(Task directions): Copy out exactly the lines from the start of the data to the line containing "Schoolhouse 5 In.". Include both.

(Available data):
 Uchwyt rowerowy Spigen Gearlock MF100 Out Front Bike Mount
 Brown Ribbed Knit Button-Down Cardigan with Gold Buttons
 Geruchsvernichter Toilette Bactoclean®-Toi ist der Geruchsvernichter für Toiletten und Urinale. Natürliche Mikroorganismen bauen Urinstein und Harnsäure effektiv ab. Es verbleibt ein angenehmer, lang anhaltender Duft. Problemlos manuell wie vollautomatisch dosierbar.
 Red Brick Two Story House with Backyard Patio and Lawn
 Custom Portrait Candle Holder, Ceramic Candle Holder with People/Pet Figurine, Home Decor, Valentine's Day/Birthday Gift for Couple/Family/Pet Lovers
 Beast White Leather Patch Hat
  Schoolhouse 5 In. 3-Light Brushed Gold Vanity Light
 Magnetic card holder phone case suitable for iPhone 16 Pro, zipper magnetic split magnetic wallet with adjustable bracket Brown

(Task solution):
 Uchwyt rowerowy Spigen Gearlock MF100 Out Front Bike Mount
 Brown Ribbed Knit Button-Down Cardigan with Gold Buttons
 Geruchsvernichter Toilette Bactoclean®-Toi ist der Geruchsvernichter für Toiletten und Urinale. Natürliche Mikroorganismen bauen Urinstein und Harnsäure effektiv ab. Es verbleibt ein angenehmer, lang anhaltender Duft. Problemlos manuell wie vollautomatisch dosierbar.
 Red Brick Two Story House with Backyard Patio and Lawn
 Custom Portrait Candle Holder, Ceramic Candle Holder with People/Pet Figurine, Home Decor, Valentine's Day/Birthday Gift for Couple/Family/Pet Lovers
 Beast White Leather Patch Hat
  Schoolhouse 5 In. 3-Light Brushed Gold Vanity Light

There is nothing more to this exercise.